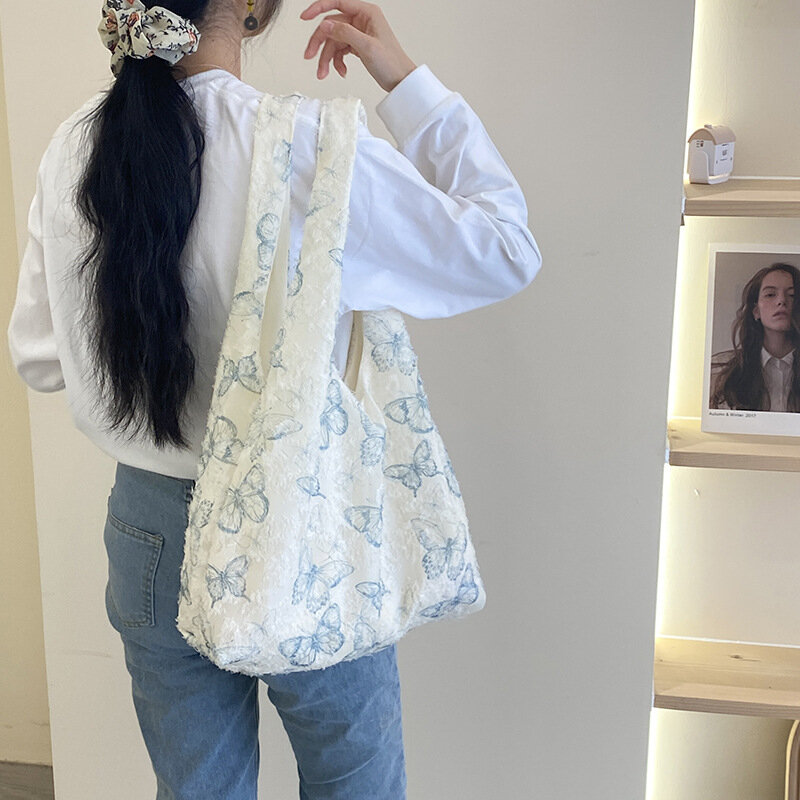 Mochila de lona borboleta de renda feminina, bolsa artística de grande capacidade com um ombro, edição coreana moderna, nova
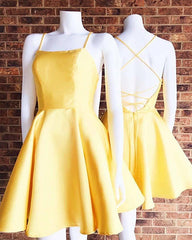 0217,charming simple yellow mini evening dresses satin racer-back women dresses spaghetti-straps fashion dress a-line homecoming dress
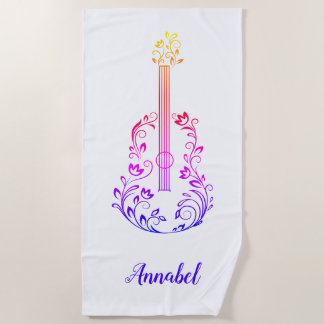 Personalised Guitar Colourful on White Beach Towel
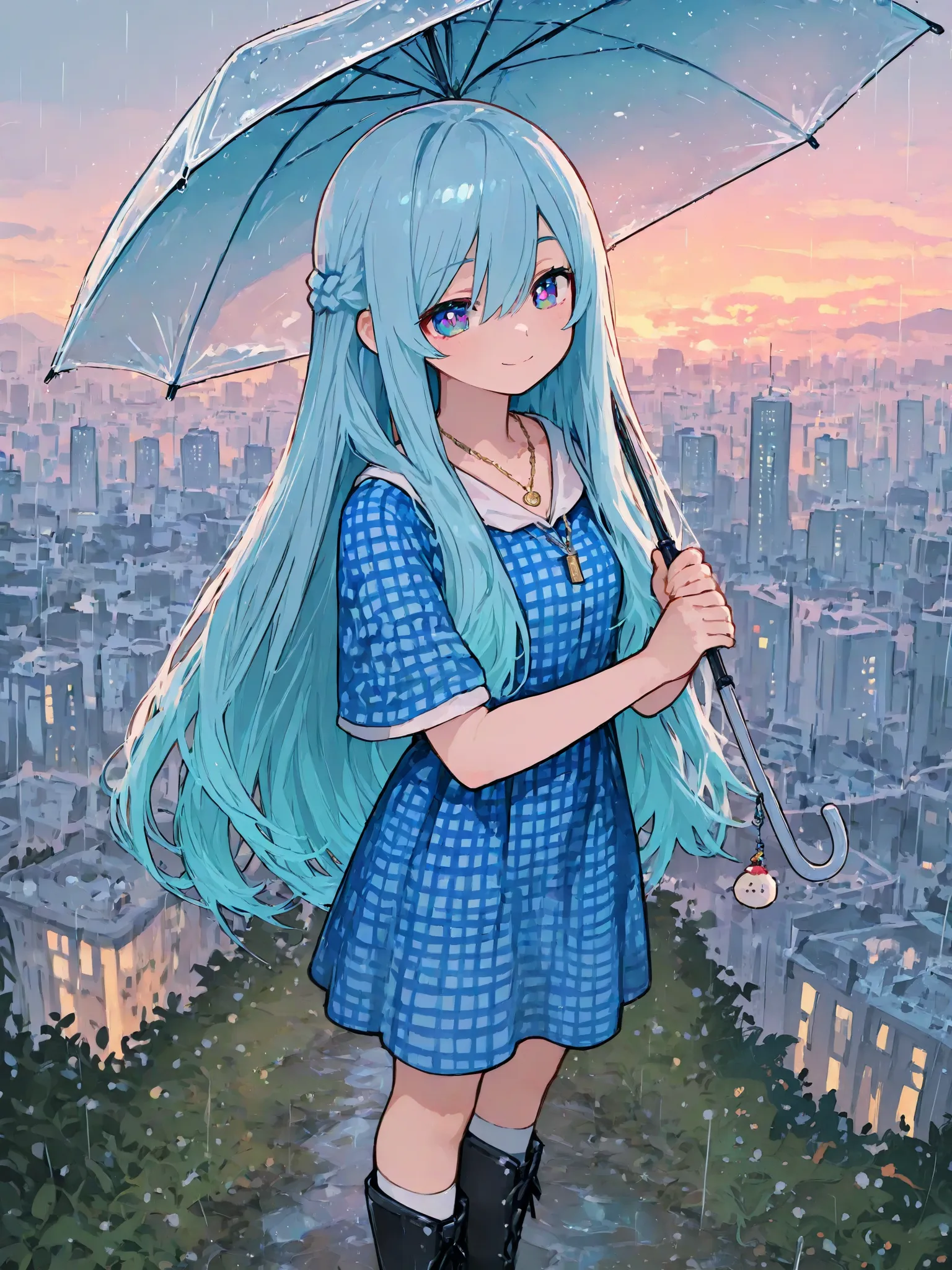 score_9, score_8_up, score_7_up, UHD, Masterpiece, From above, City background with lots of nature, okmc, (Shoulder-length hair: 1.8), Half-up French braid hair, Blue gradient hair, Transparent Rainbow Umbrella, Girl holding an umbrella, Necklace with rice...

★ ★ ★ ★ ★ ★ ★

• **Work request**
Each line from the one containing "Personalised Guitar Colourful" through the last line of the data should be written out exactly. Skip the pictures, and add no other lines.

• **Written response**
 Personalised Guitar Colourful on White Beach Towel
 score_9, score_8_up, score_7_up, UHD, Masterpiece, From above, City background with lots of nature, okmc, (Shoulder-length hair: 1.8), Half-up French braid hair, Blue gradient hair, Transparent Rainbow Umbrella, Girl holding an umbrella, Necklace with rice...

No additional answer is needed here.